Mechanics' Institutes are educational establishments, originally formed to provide adult education, particularly in technical subjects, to working men. Similar organisation are sometimes simply called Institutes. As such, they were often funded by local industrialists on the grounds that they would ultimately benefit from having more knowledgeable and skilled employees (such philanthropy was shown by, among others, Robert Stephenson, James Nasmyth, John Davis Barnett and Joseph Whitworth). The Mechanics' Institutes were used as 'libraries' for the adult working class, and provided them with an alternative pastime to gambling and drinking in pubs.

The world's first Mechanics' Institute was established in Edinburgh, Scotland in October 1821 as the School of Arts of Edinburgh (later Heriot-Watt University), with the provision of technical education for working people and professionals. Its purpose was to "address societal needs by incorporating fundamental scientific thinking and research into engineering solutions". The school revolutionised access to education in science and technology for ordinary people.

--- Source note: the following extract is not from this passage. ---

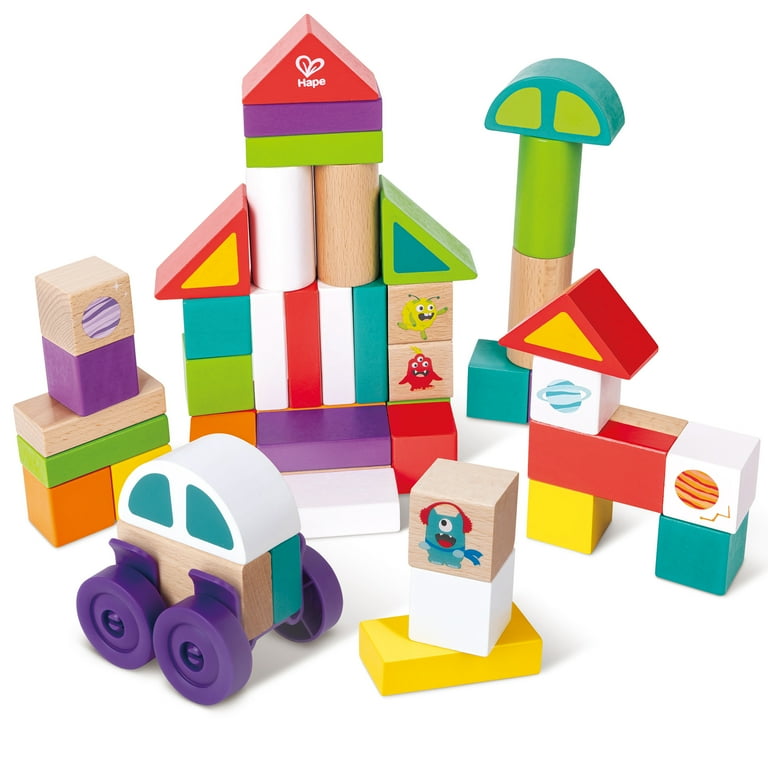 Hape: Space Monster Stacking Blocks 54pc Wooden Colorful Various - Main Image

The second Institute in Scotland was incorporated in Glasgow in November 1823, built on the foundations of a group started at the turn of the previous century by George Birkbeck. Under the auspices of the Andersonian University (est. 1796), Birkbeck had first instituted free lectures on arts, science and technical subjects in 1800. This mechanics' class continued to meet after he moved to London in 1804, and in 1823 they decided to formalise their organisation by incorporating themselves as the Mechanics' Institute.

The first Mechanics' Institute in England was opened at Liverpool in July 1823. The London Mechanics' Institute (later Birkbeck College) followed in December 1823, and the Mechanics' Institutes in Ipswich and Manchester (later to become UMIST) in 1824. By the mid-19th century, there were over 700 institutes in towns and cities across the UK and overseas, some of which became the early roots of other colleges and universities. See for example the University of Gloucestershire, which has the Cheltenham Mechanics' Institute (1834) and Gloucester Mechanics' Institute (1840) within its history timeline. It was as a result of delivering a lecture series at the Cheltenham Mechanics' Institute that the famous radical George Holyoake was arrested and then convicted on a charge of blasphemy.